1 ¼ cups all purpose flour, plus extra for rolling out the dough
1 Tablespoon sugar
½ teaspoon salt
3 Tablespoons vegetable shortening, cut into ½ inch pieces and chilled
4 Tablespoons (1/2 stick) unsalted butter, cut into ¼ inch pieces and chilled
4-6 Tablespoons ice water
Graham Cracker crumbs
Process the flour, sugar and salt in a food processor until combined.
Scatter the shortening over the top and continue to process until the mixture has the texture of coarse sand, about 20 seconds.
Scatter the butter pieces over the top and using short pulses, process the mixture until it resembles coarse crumbs, about 10 pulses.
Transfer to a bowl.
Sprinkle 4 Tablespoons of ice water over the mixture. Stir and press the dough together, using a stiff rubber spatula.
Gather the dough into a 4 inch disk and wrap tightly with plastic wrap.
Chill at least 1 hour.
Let the chilled dough soften slightly at room temperature.
Lightly dust a counter with the graham cracker crumbs and roll the dough into a 12 inch circle.
Continue sprinkling the dough with the crumbs, both underneath and on top, as it is being rolled out.
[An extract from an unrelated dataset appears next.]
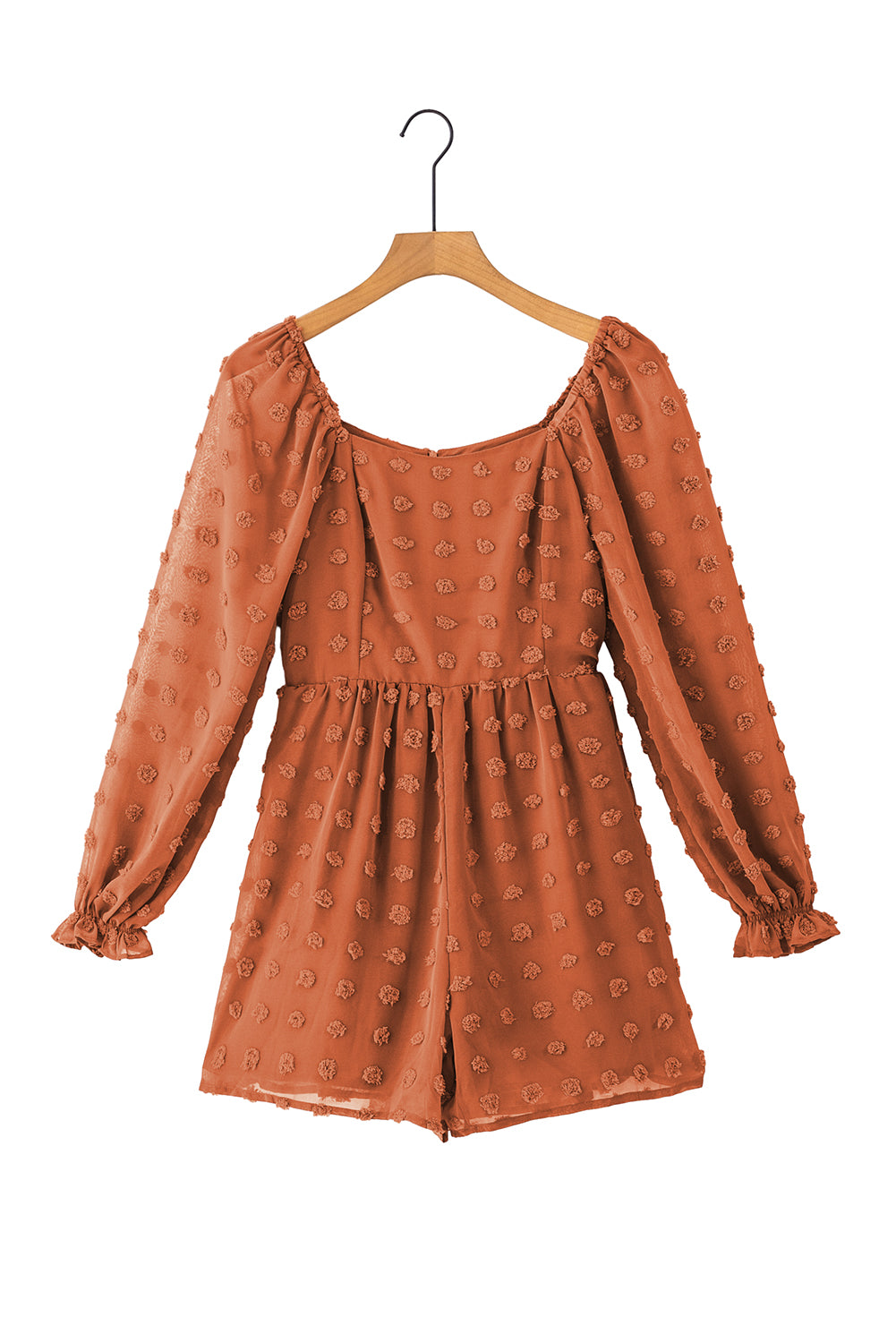 Swiss Dot Flounced Bubble Sleeve Square Neck Romper | Grapefruit Orange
Fit the dough into the pie plate.
Trim, fold and crimp the edges and freeze the unbaked pie crust until firm, about 30 minutes before baking.
Adjust oven rack to the lower-middle position and heat the oven to 375 degrees.
Use pie weights and place foil on the edges.
Bake until the pie dough looks dry and is light in color, 25-30 minutes.
Remove the pie weights and foil and continue to bake until the crust is a deep golden brown, about 12 minutes longer.
This dough can be refrigerated, wrapped tightly in plastic wrap for up to 2 days or frozen for up to 2 months. Let the frozen dough thaw on the counter top until malleable before rolling. A fully baked pie crust can be stored at room temperature, wrapped tightly in aluminum foil, for up to 2 days.